1. Docs
  2. Administration
  3. Self-Hosting
  4. Operations
  5. Networking

Networking and Load Balancing

    Self-hosting is only available with Pulumi Business Critical. If you would like to evaluate the self-hosted Pulumi Cloud, sign up for the 30-day trial or contact us.

    This page covers network architecture, multi-AZ deployment, auto-scaling, load balancing, and DNS configuration for production self-hosted deployments.

    For ingress/egress port requirements, see Network requirements.

    Multi-AZ deployment

    Deploy compute resources across at least two availability zones:

    • Kubernetes: Spread pods across AZs using pod anti-affinity or topology spread constraints.
    • ECS/Fargate: Configure services to launch tasks across multiple subnets in different AZs.
    • VMs: Use auto-scaling groups spanning multiple AZs.

    Network architecture

    Deploy a VPC/VNet with subnets in 2+ AZs, separated by tier:

    • Public subnets: Load balancers, NAT gateways
    • Private subnets: Application containers
    • Database subnets: Database instances (no public access)
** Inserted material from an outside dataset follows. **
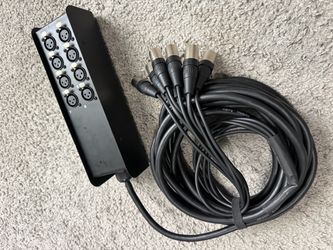 Seismic Audio 25ft 8ch audio snake $150 obo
    Additional recommendations:

    • Deploy one NAT gateway per AZ to avoid cross-AZ NAT bottlenecks.
    • Use VPC endpoints or private endpoints for object storage access to reduce NAT traffic and improve performance.

    Auto-scaling

    Configure auto-scaling for the API service based on CPU utilization:

    • Target: 50–60% average CPU utilization
    • Minimum instances: 2 (for HA across AZs)
    • Maximum instances: 4x desired count (to handle burst traffic)
    • Scale-in protection: Use graceful draining to allow in-flight requests to complete before terminating instances

    Graceful shutdown

    When scaling in or deploying updates, ensure containers have time to finish in-flight requests:

    • Set container stop timeout to at least 120 seconds.
    • Kubernetes: Set terminationGracePeriodSeconds: 130 on the API pod spec (slightly above the 120-second stop timeout to allow clean shutdown before Kubernetes force-kills the pod).
    • ECS: Configure deregistration delay on the target group and set stopTimeout on the container definition.
    • Use lifecycle hooks (ECS) or preStop hooks (Kubernetes) to drain connections before shutdown.

    Load balancer configuration

    • Deploy an Application Load Balancer (or equivalent).
    • Enable deletion protection on the load balancer in production.
    • Configure health checks for the API service (/api/status endpoint).
    • Set health check grace period to 120 seconds to allow containers to start.

    DNS

    Configure two DNS records pointing to your load balancer:

    • api.{domain} - for CLI and API access
    • app.{domain} - for web console access